** Given data follows **
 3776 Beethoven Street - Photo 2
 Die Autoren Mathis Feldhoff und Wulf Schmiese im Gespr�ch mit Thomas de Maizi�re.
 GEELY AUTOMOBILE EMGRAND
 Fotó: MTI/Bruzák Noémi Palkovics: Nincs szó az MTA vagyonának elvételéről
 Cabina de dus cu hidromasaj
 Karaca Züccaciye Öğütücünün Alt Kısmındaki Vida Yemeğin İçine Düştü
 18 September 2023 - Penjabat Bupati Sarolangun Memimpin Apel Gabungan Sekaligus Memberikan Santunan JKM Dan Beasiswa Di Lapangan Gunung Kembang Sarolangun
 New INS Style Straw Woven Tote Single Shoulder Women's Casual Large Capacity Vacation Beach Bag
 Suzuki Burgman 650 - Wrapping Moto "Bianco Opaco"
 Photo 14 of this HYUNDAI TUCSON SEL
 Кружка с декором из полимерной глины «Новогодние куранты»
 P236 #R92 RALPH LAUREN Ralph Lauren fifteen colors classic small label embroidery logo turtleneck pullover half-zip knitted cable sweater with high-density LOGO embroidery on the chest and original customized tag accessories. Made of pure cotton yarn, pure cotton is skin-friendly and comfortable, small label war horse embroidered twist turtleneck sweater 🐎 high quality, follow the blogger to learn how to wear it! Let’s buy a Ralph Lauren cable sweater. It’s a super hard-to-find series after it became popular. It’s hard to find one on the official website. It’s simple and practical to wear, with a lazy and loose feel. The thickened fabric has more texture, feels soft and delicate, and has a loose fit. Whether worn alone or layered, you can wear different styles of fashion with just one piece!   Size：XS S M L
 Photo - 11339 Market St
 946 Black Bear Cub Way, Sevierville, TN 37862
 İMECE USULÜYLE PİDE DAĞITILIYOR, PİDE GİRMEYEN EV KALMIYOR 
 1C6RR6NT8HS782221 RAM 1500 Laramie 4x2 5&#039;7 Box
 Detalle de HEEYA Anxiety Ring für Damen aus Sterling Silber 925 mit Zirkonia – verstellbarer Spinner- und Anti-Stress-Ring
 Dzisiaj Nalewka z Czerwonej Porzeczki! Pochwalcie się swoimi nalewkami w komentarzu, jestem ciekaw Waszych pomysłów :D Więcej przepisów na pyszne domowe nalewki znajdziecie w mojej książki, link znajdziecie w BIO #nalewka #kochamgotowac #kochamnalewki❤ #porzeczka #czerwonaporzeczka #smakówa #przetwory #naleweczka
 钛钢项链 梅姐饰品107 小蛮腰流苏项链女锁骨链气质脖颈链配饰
** End of Given data **
:: How to complete this task ::
Reproduce the whole listing, exactly.

:: Reply to the exercise ::
 3776 Beethoven Street - Photo 2
 Die Autoren Mathis Feldhoff und Wulf Schmiese im Gespr�ch mit Thomas de Maizi�re.
 GEELY AUTOMOBILE EMGRAND
 Fotó: MTI/Bruzák Noémi Palkovics: Nincs szó az MTA vagyonának elvételéről
 Cabina de dus cu hidromasaj
 Karaca Züccaciye Öğütücünün Alt Kısmındaki Vida Yemeğin İçine Düştü
 18 September 2023 - Penjabat Bupati Sarolangun Memimpin Apel Gabungan Sekaligus Memberikan Santunan JKM Dan Beasiswa Di Lapangan Gunung Kembang Sarolangun
 New INS Style Straw Woven Tote Single Shoulder Women's Casual Large Capacity Vacation Beach Bag
 Suzuki Burgman 650 - Wrapping Moto "Bianco Opaco"
 Photo 14 of this HYUNDAI TUCSON SEL
 Кружка с декором из полимерной глины «Новогодние куранты»
 P236 #R92 RALPH LAUREN Ralph Lauren fifteen colors classic small label embroidery logo turtleneck pullover half-zip knitted cable sweater with high-density LOGO embroidery on the chest and original customized tag accessories. Made of pure cotton yarn, pure cotton is skin-friendly and comfortable, small label war horse embroidered twist turtleneck sweater 🐎 high quality, follow the blogger to learn how to wear it! Let’s buy a Ralph Lauren cable sweater. It’s a super hard-to-find series after it became popular. It’s hard to find one on the official website. It’s simple and practical to wear, with a lazy and loose feel. The thickened fabric has more texture, feels soft and delicate, and has a loose fit. Whether worn alone or layered, you can wear different styles of fashion with just one piece!   Size：XS S M L
 Photo - 11339 Market St
 946 Black Bear Cub Way, Sevierville, TN 37862
 İMECE USULÜYLE PİDE DAĞITILIYOR, PİDE GİRMEYEN EV KALMIYOR 
 1C6RR6NT8HS782221 RAM 1500 Laramie 4x2 5&#039;7 Box
 Detalle de HEEYA Anxiety Ring für Damen aus Sterling Silber 925 mit Zirkonia – verstellbarer Spinner- und Anti-Stress-Ring
 Dzisiaj Nalewka z Czerwonej Porzeczki! Pochwalcie się swoimi nalewkami w komentarzu, jestem ciekaw Waszych pomysłów :D Więcej przepisów na pyszne domowe nalewki znajdziecie w mojej książki, link znajdziecie w BIO #nalewka #kochamgotowac #kochamnalewki❤ #porzeczka #czerwonaporzeczka #smakówa #przetwory #naleweczka
 钛钢项链 梅姐饰品107 小蛮腰流苏项链女锁骨链气质脖颈链配饰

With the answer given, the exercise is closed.